The nonlinkable population had a similar age and sex distributions to those included in the study
except that they were slightly younger (Figure 6) and more likely to be female (Figure 7). The adults
in the nonlinkable population were more likely to have completed the last year of secondary school
as their highest level of education (Year 12) and were less likely to have a trade qualification (Figure
8). The household income distributions for the study population and the nonlinkable population
were indistinguishable (Figure 9). The nonlinkable population had slighter lower BMIs than the
study population (Figure 10). In general, the adults in the study population were more likely to
possess risk factors for cardiovascular disease than those who did not agree to data linkage.
Consequently, they were more likely to have reported coronary heart disease or stroke (Figure 11).
However, the Chisquare and Kolmogorov-Smirnov tests are highly sensitive to differences between
distributions.
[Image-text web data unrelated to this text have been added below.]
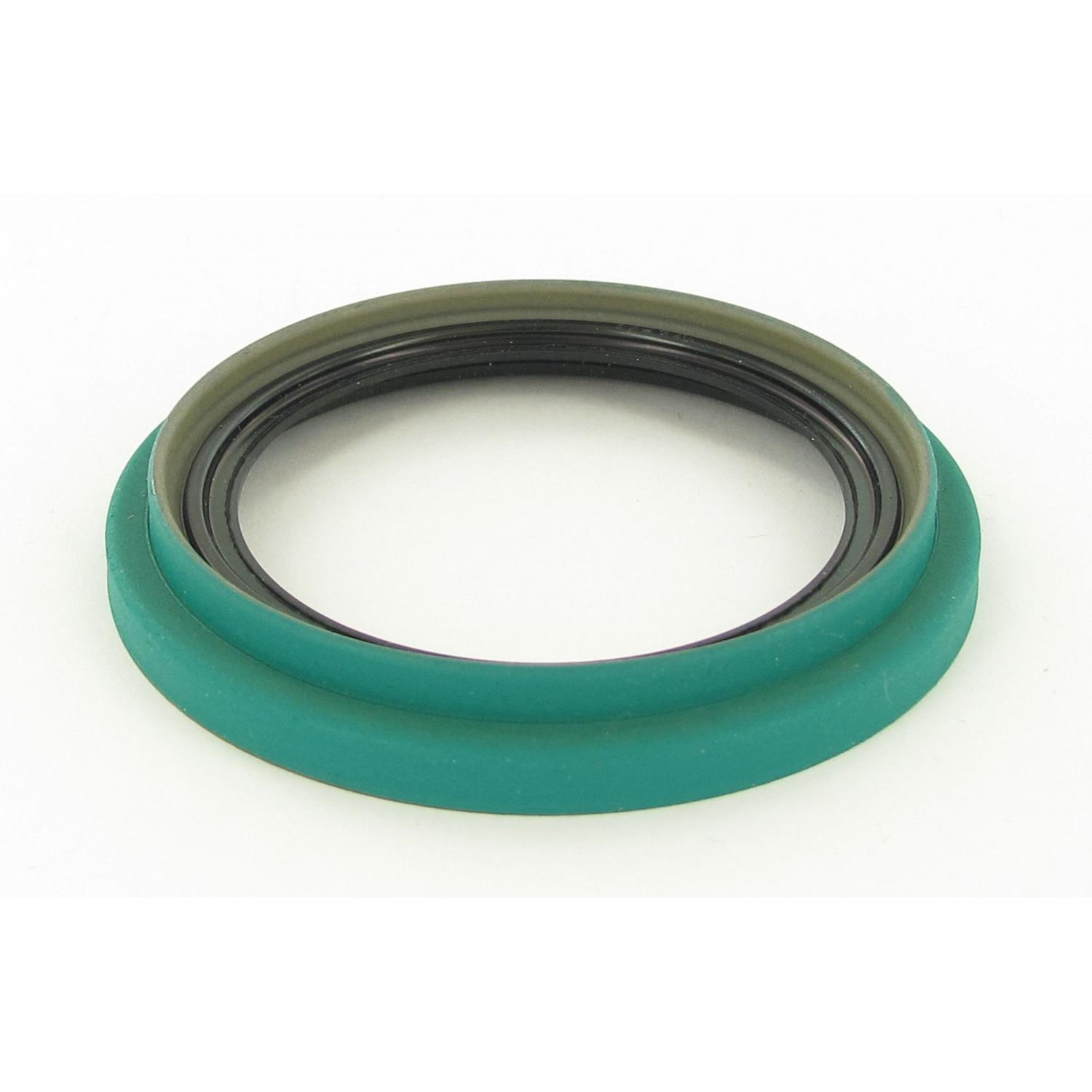 SKF 21952 - Wheel Seal SKF 21952 Wheel Seal product image 1 of 2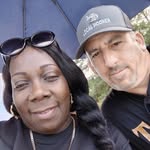 Joann Stallings - @joannkenney65 - Instagram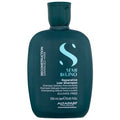 Semi Di Lino Reparative Low Shampoo - Regenerating shampoo for damaged hair 1000ml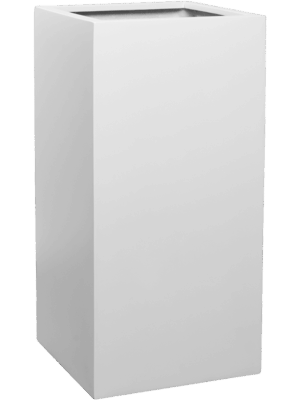 Fiberstone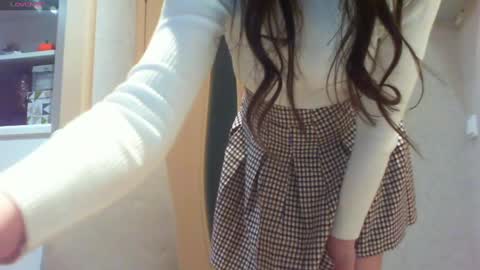 Hailey online show from 02-17-25, 12:10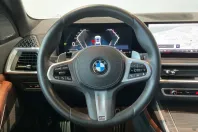 BMW X7 din 2024 cu 23.100 km - oferta BMW134672 - foto 3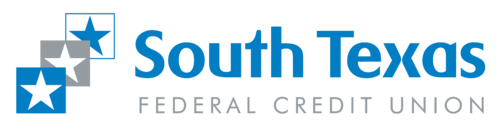 South Texas Federal Credit Union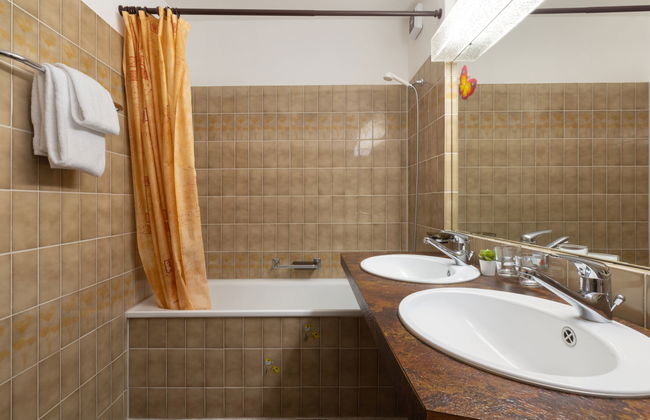 Allod Park Haus C 306 - Foto 5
The figures indicate that the shape of the distributions were similar. Moreover, the
difference between the centers of the distributions (for continuous outcomes) and frequencies (for
categorical outcomes) were small, albeit “statistically” significant.
Figure 6: Age distribution of adults in the study population and those not included in the study
(nonlinkable population), with Kolmogorov-Smirnov test for equality of distributions.
Figure 7: Sex distribution of adults in the study population and those not included in the study
(nonlinkable population), with Chisquare test for equality of distributions.
Figure 8: Education distribution of adults in the study population and those not included in the study
(nonlinkable population), with Chisquare test for equality of distributions.
Figure 9: Household income distribution of adults in the study population and those not included in
the study (nonlinkable population), with Kolmogorov-Smirnov test for equality of distributions.
Figure 10: BMI distribution of adults in the study population and those not included in the study
(nonlinkable population), with Kolmogorov-Smirnov test for equality of distributions.
Figure 11: Distribution of self-reported heart disease or stroke for adults in the study population and
those not included in the study (nonlinkable population), with Chisquare test for equality of
distributions.
References
1. W. S. Cleveland, E. Grosse and W. M. Shyu (1992) Local regression models. Chapter 8 of
Statistical Models in S eds J.M. Chambers and T.J. Hastie, Wadsworth & Brooks/Cole.